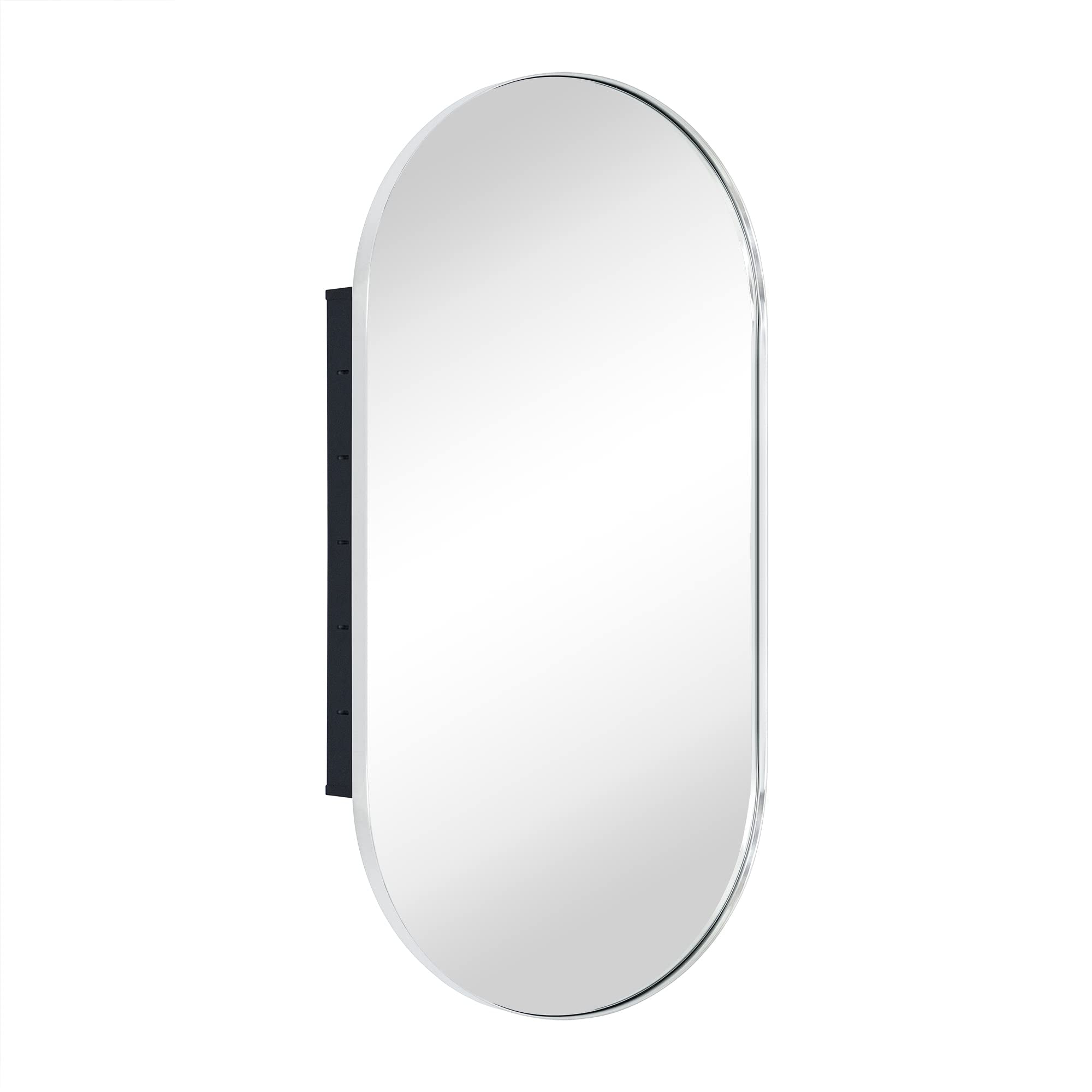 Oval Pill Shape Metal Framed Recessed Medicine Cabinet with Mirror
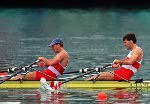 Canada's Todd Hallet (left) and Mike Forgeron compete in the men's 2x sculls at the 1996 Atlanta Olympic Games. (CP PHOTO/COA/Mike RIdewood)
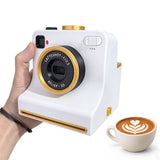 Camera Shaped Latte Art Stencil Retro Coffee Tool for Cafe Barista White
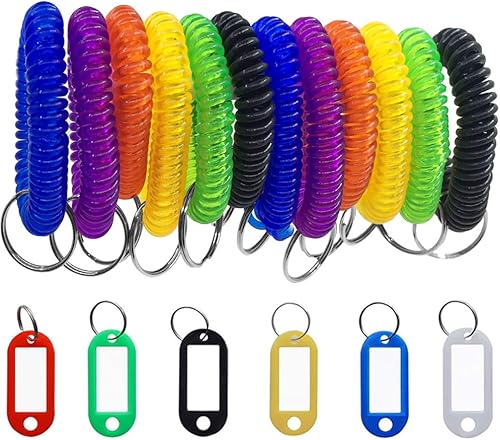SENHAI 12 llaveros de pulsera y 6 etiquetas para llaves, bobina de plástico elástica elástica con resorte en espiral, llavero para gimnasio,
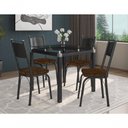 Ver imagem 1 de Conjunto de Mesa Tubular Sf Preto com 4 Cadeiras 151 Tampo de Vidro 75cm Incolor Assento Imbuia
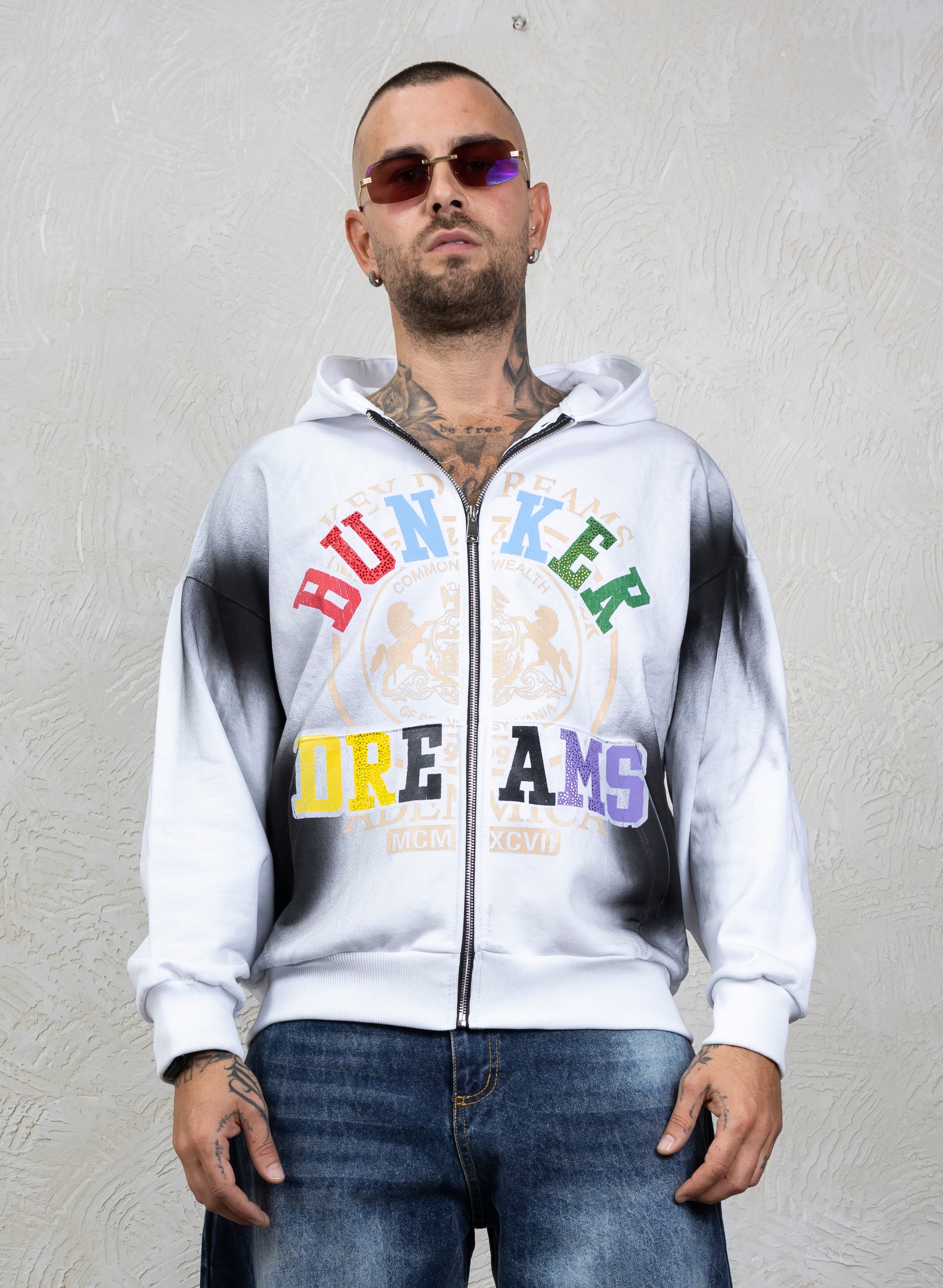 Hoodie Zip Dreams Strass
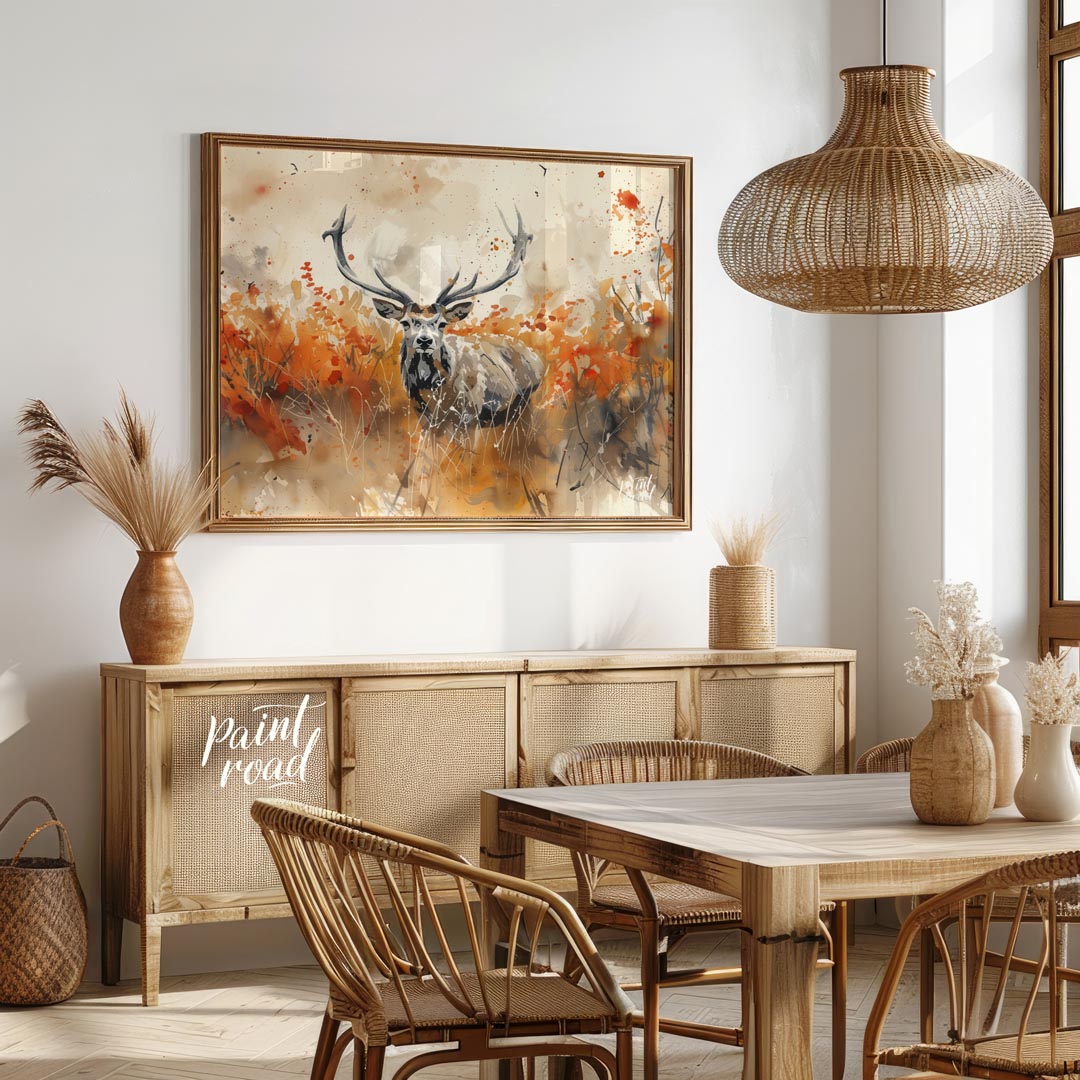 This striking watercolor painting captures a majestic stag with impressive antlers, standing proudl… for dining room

...

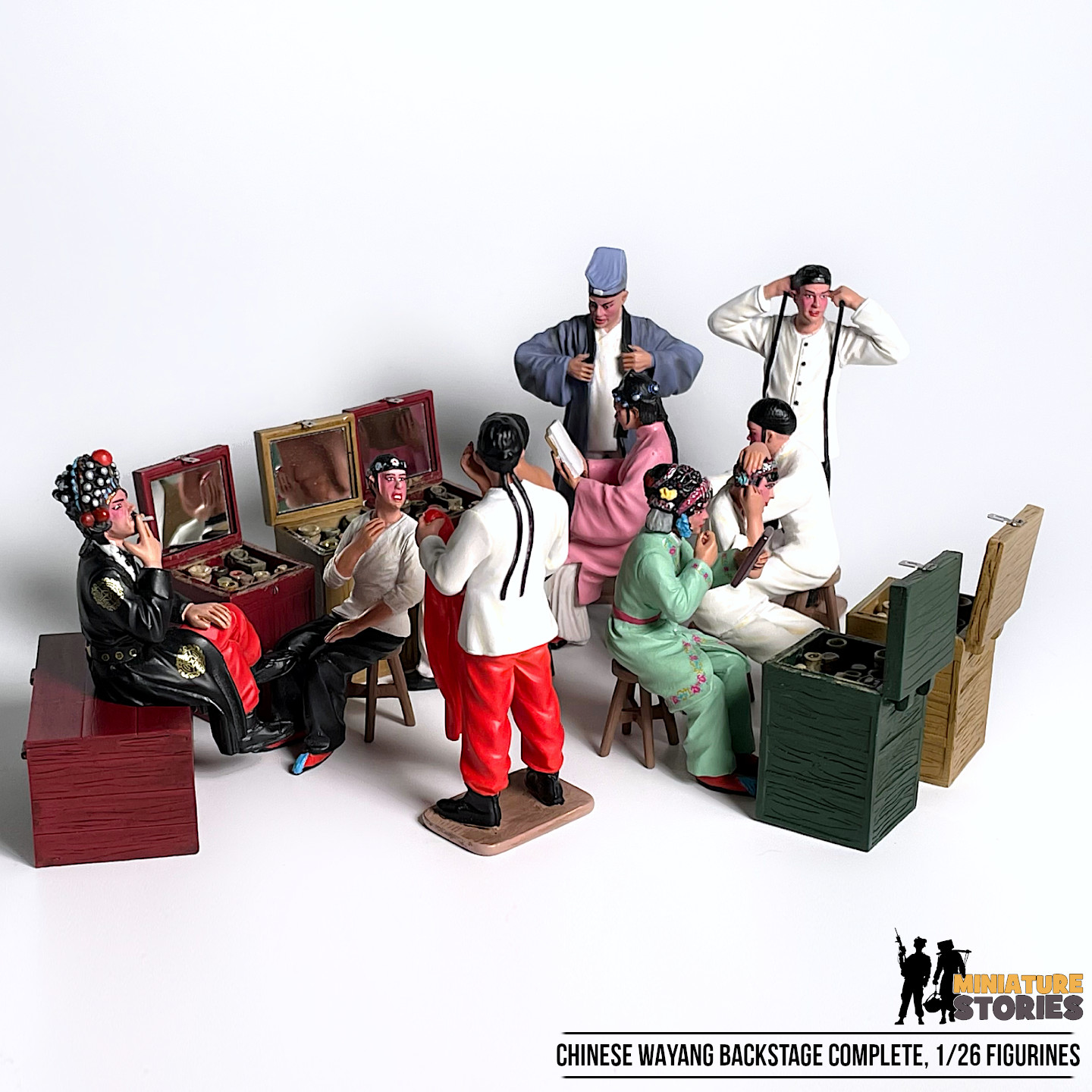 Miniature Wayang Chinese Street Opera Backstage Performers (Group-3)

==

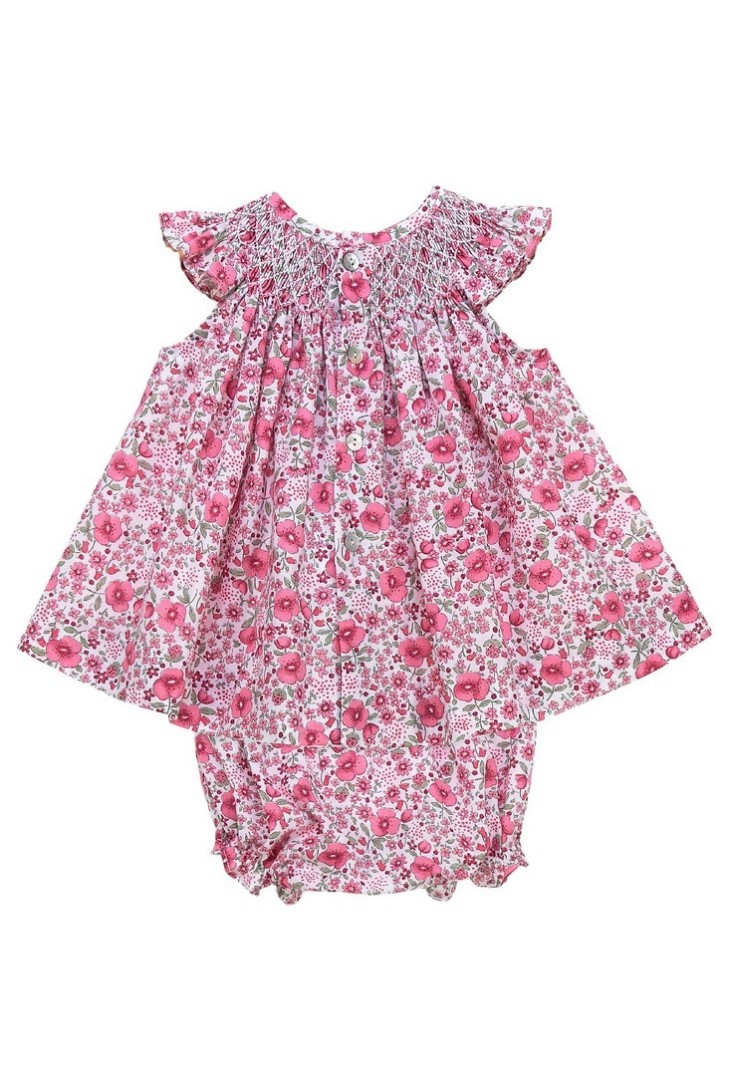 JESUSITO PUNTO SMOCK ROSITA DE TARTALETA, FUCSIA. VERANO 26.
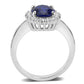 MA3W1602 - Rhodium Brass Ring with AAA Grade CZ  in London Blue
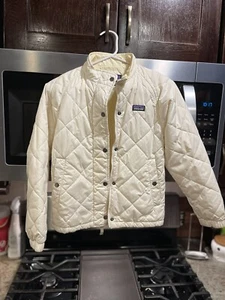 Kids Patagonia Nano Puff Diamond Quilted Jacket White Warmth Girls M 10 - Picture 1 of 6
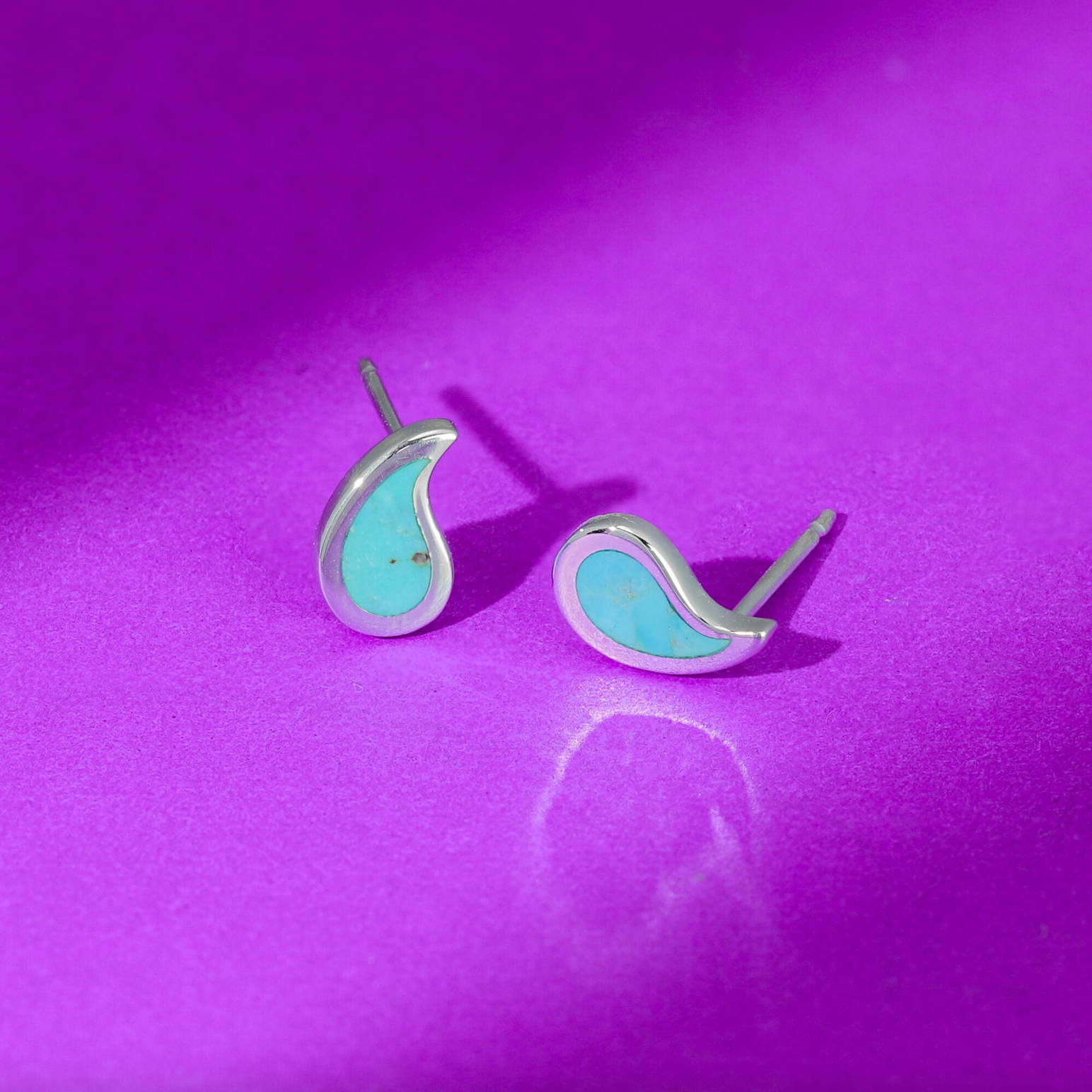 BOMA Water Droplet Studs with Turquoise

Prompt: In the listing above, find the line with "JESUSITO PUNTO SMOCK" and the line with "BOMA Water Droplet Studs with Turquoise". Copy exactly those two and every line between, without the pictures.

Task solution:
 JESUSITO PUNTO SMOCK ROSITA DE TARTALETA, FUCSIA. VERANO 26.
 MA3W1602 - Rhodium Brass Ring with AAA Grade CZ  in London Blue
 Kids Patagonia Nano Puff Diamond Quilted Jacket White Warmth Girls M 10 - Picture 1 of 6
 BOMA Water Droplet Studs with Turquoise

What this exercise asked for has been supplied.